Vygotsky’a göre okul öğretimi, “her ne kadar toplu öğretim uygulamalarıyla biraz yumuşatılmaya çalışılıyor ise de, derslere ayrılarak ve her ders de konulara ayrılmış şekilde verilmektedir. Oysa bilişsel gelişim bir bütün halinde olmaktadır.

Okulda öğretilen konuların her biri bir diğerinin öğrenilmesini kolaylaştırmaktadır, çünkü bunların uyardığı psikolojik işlevler birbiriyle bağlantılı olarak bir süreç içinde gelişirler” (Vygotsky, 1985: 144).

Ausubel, anlamlı öğrenmeyi güçlendirmek için sergileyici öğretim (expository teaching) modelini geliştirmiştir.

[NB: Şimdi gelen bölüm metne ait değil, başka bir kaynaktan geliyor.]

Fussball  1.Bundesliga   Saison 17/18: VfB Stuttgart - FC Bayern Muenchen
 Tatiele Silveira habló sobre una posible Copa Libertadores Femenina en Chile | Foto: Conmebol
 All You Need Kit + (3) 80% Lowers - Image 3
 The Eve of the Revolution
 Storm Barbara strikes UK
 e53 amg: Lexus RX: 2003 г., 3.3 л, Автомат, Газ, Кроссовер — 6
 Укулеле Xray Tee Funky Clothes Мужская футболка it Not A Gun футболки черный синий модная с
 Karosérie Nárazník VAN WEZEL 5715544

“Anlamlı öğrenme için, dersin başında ön düzenleyiciler kullanılarak öğrencilerin dikkati konunun önemli yönlerine yoğunlaştırılmalı ve böylece öğrenciler konuyu kavramaya hazır hale getirilmelidir. Ausubel sınıftaki konu öğretiminden önce öğretmenlerin mutlaka öğrencilerin mevcut bilgilerinin, kavram yanılgılarının farkında olmaları gerektiği üzerinde durmaktadır. Öğrencinin konuyla var olan kavram yanılgıları o konudaki bilimsel bilgileri anlamlı olarak öğrenmesini engellemektedir”

(Çakıcı, 2010: 96).

“Ausubel’e göre, öğrenme tümdengelim, yani genelden özele doğru gelişmelidir” (Çakıcı, 2010: 96).